Core banking systems, also known as core data processing systems were architected and built 30 to 40 years ago. They were designed more than 20 years before anyone heard of the Internet and their basic architecture has not changed since then. They were built to handle internally generated transactions from tellers, loan officers, CSRs and back-office support staff. They most definitely were not designed and still are not designed to meet the needs of external users such as customers and members. As a former executive of a core banking system company, I have seen the inside of the belly of the beast and it is not pretty. They say that if you see how sausage is made most people wouldn’t eat it. At least the finished product generally tastes good. If you saw how core banking systems are architected, enhanced and maintained, the spaghetti code cobbled together, and the lack of documentation you would not want to rely on it to run your bank or credit union. The worst part is many banks and credit unions have a hate/hate relationship with their core banking system and their provider. Why, because the core banking systems in use today, simply were not designed to meet the needs of today’s credit union and banks. As much as your core banking system provider may want to give you what you want, they can’t. Their core banking system solution simply was not designed to meet the needs of modern banking and their customer’s expectations, real time processing, transactions and data management. They are built on outdated technology, they were built around batch processing, and they have enhanced using Band-Aids and patchwork. 

So what are banks and credit unions that do not have the resources of the major national and super-regional banks to do in this situation? Converting from one core data processing system to another core data processing system is like adding internet radio to your 300,000 mile 15 year old car. It may provide you with a feature you are missing, but what happens when the engine blows up?

Fortunately, there are options, and the best part is the options come with far less enterprise risk than a core banking system conversion and will add long-term functionality and architecture that will allow your credit union or bank to move into the world of real-time processing, transactions and data management, and personalization.

Components, APIs, standards and the cloud allow banks and credit unions the opportunity to explore true alternatives to the zero sum game of a core banking system conversion. Componentization, APIs along with emerging standards such as BAIN (banks) and CUFX (credit unions) and internal or external cloud  environments allow banking systems to more effectively communicate with each other and allow banks and credit unions an opportunity to create their own Services Orientated Architecture.

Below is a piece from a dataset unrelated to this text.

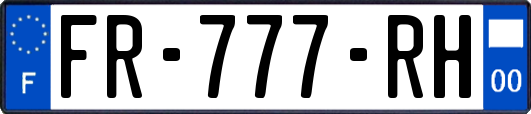 FR-777-RH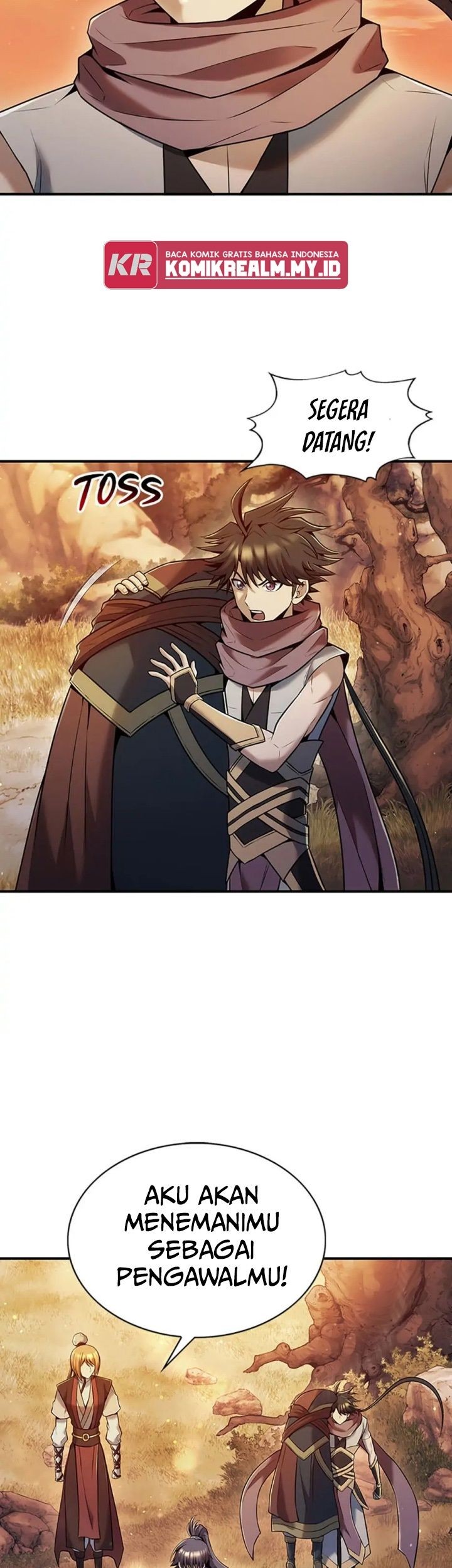 The Star Of A Supreme Ruler Chapter 38 - halaman 47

An SOA will modernize the technology environment by allowing credit unions and banks to mix and match technology solutions they need to adjust and drive their business model and the ability to quickly adjust and implement new solutions. 

Combining a presentation platform on top of a security layer, an integration layer with business and workflow engines, data analytics tied to back-end and stripped down core banking legacy systems will provide credit unions and banks with the flexibility, agility and lower risk profile necessary to offer members and customers the solutions they demand in order to compete in the rapidly changing retail financial services market.

Before your bank or credit union considers a core banking system change evaluate the alternatives which will be less expensive, have a lower risk profile and can be operational much faster and positions your bank or credit you to be agile in the quickly evolving retail financial services market.